Records drawn from a dataset
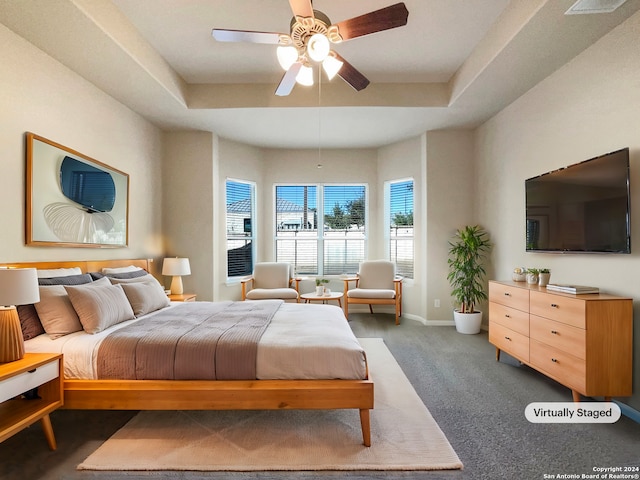 carpeted bedroom featuring a raised ceiling and ceiling fan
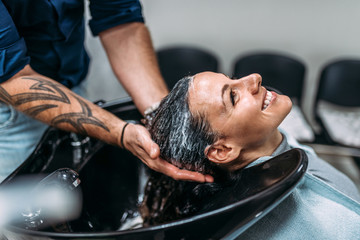 Smiling woman getting a hairwash or a hair treatment by a hairdresser.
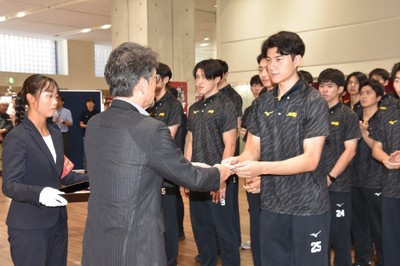 援助金を渡す校友会の矢野専務理事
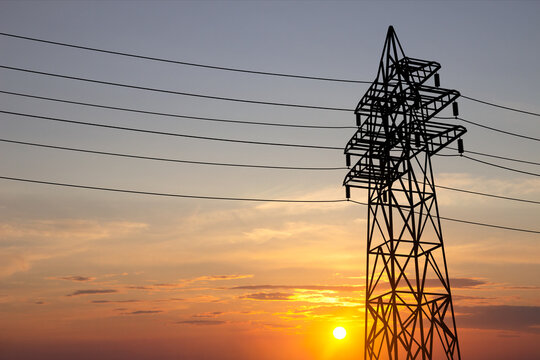 Silhouette of a metal transmission tower with power lines against the sunset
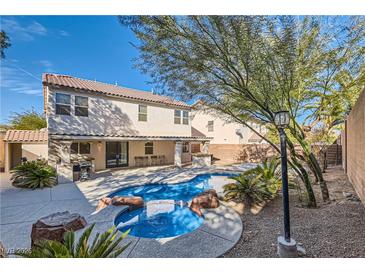 Gorgeous backyard pool and spa with desert landscaping, outdoor kitchen, and covered patio at 11276 Accademia Ct, Las Vegas, NV 89141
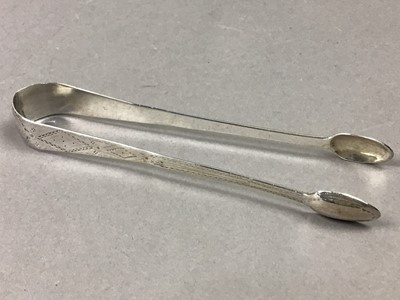 Lot 149 - A PAIR OF GEORGE III BRIGHT CUT SUGAR TONGS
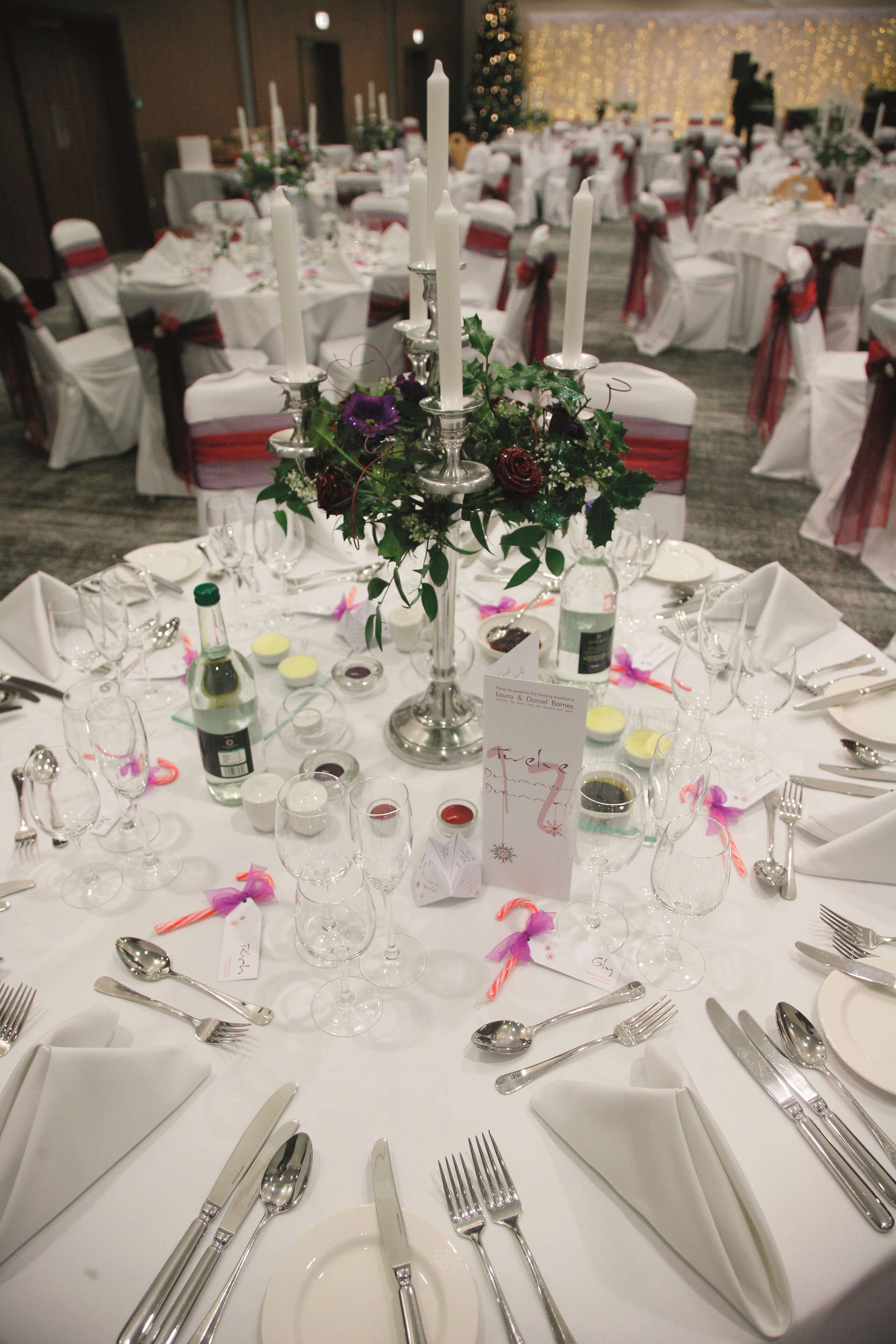 A banquet hall with round tables set for a formal event, featuring white tablecloths, silverware, and candles.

TASK TO COMPLETE:
Copy exactly, leaving out pictures, the lines from the line containing "援助金を渡す校友会の矢野専務理事" through the last line of the records.

RESULT OF THE TASK:
 援助金を渡す校友会の矢野専務理事
 Silhouette of a metal transmission tower with power lines against the sunset
 Gorgeous backyard pool and spa with desert landscaping, outdoor kitchen, and covered patio at 11276 Accademia Ct, Las Vegas, NV 89141
 Lot 149 - A PAIR OF GEORGE III BRIGHT CUT SUGAR TONGS
 A banquet hall with round tables set for a formal event, featuring white tablecloths, silverware, and candles.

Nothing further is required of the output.